* EXERCISE REQUIREMENTS *
Only an exact copy of the entries, stripped of pictures, will serve as the answer.

(Crawled caption data)

■ ■ ■ ■ ■

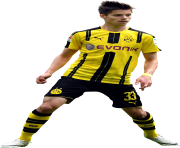 Julian Weigl Football Render Png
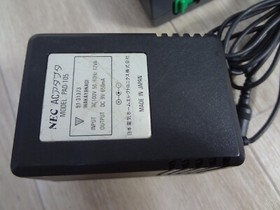 PCE NEC PC engine pcengine CORE GRAFX Console Tested Work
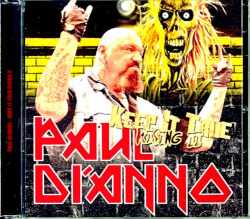 Paul Di'Anno ex.Iron Maiden ポール・ディアノ/Germany 2022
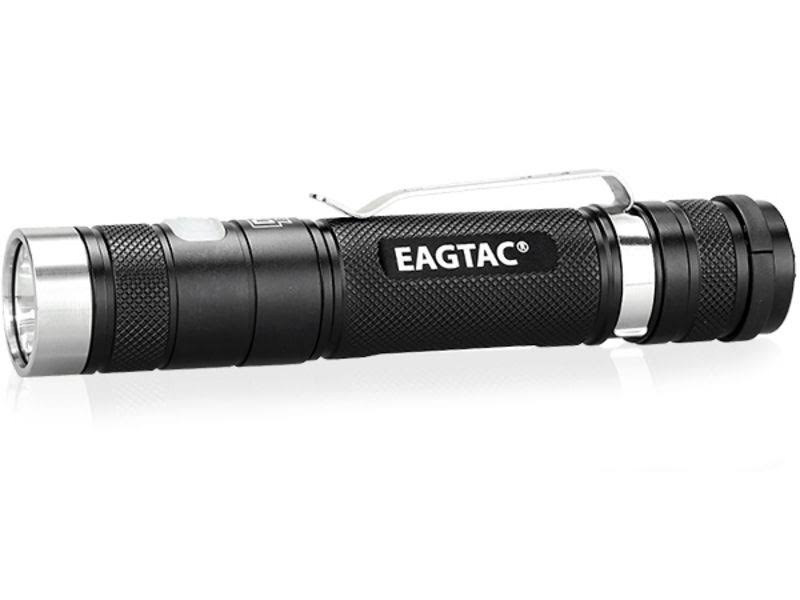 Black LED Flashlight Z481262
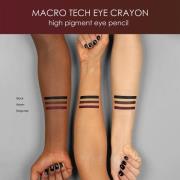 Natasha Denona Macro Tech Eye Crayon (Various Shades) - Black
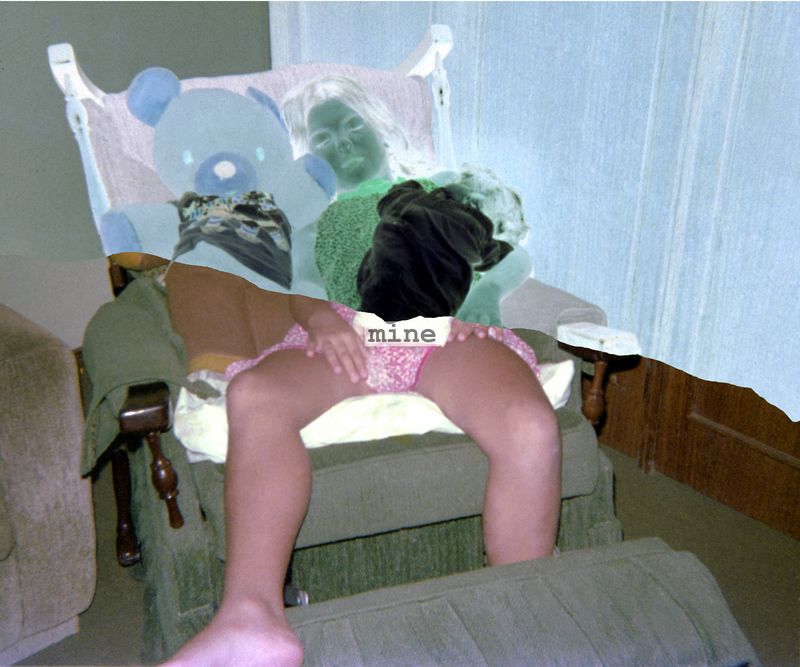 © Jennifer Cabral - Image from the MINE_IRA photography project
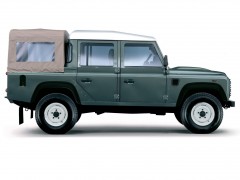 land rover defender 110 pic #82105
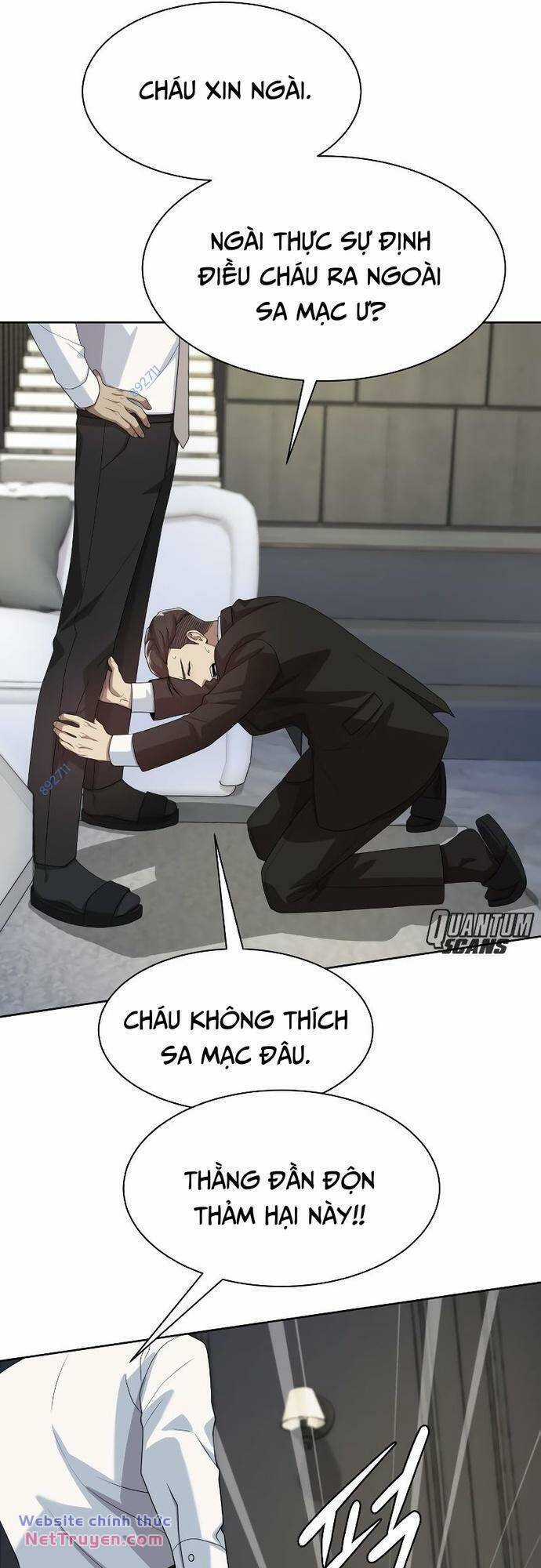 Từ Nhân Viên Vạn Năng Trở Thành Huyền Thoại Chapter 31 trang 28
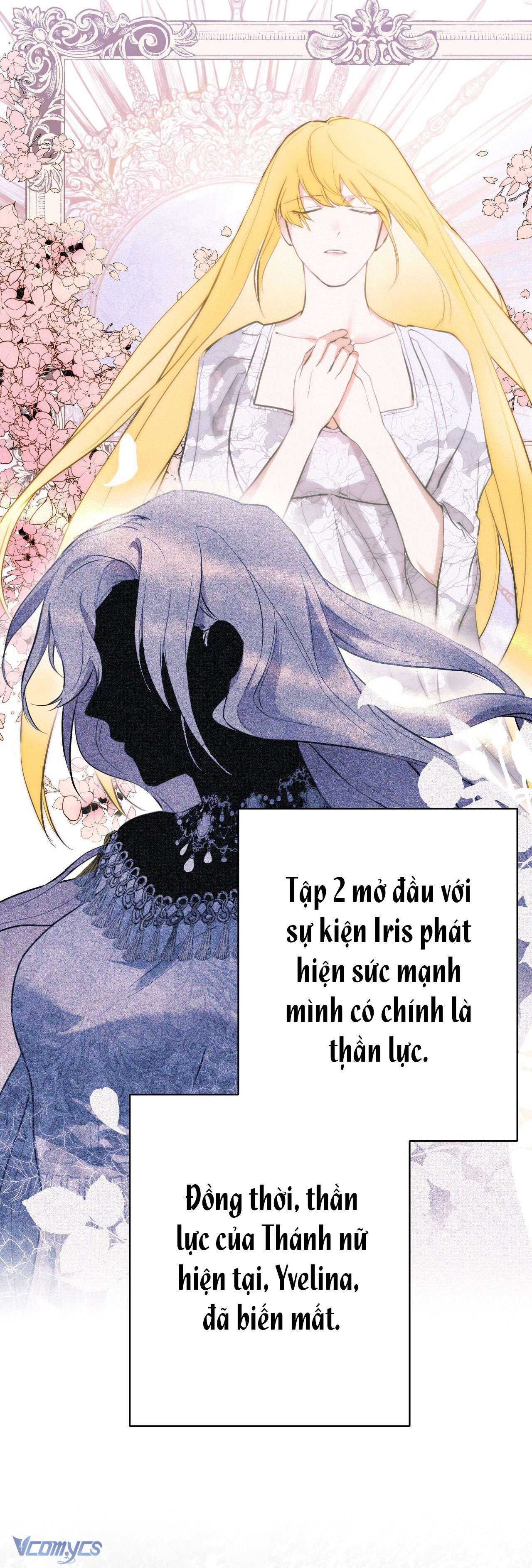 Thánh Nữ Giả Muốn Bỏ Trốn Chap 2 - Trang 4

■ ■ ■ ■ ■

* RESULT *
 Julian Weigl Football Render Png
 PCE NEC PC engine pcengine CORE GRAFX Console Tested Work
 Paul Di'Anno ex.Iron Maiden ポール・ディアノ/Germany 2022
 Black LED Flashlight Z481262
 Natasha Denona Macro Tech Eye Crayon (Various Shades) - Black
 © Jennifer Cabral - Image from the MINE_IRA photography project
 land rover defender 110 pic #82105
 Từ Nhân Viên Vạn Năng Trở Thành Huyền Thoại Chapter 31 trang 28
 Thánh Nữ Giả Muốn Bỏ Trốn Chap 2 - Trang 4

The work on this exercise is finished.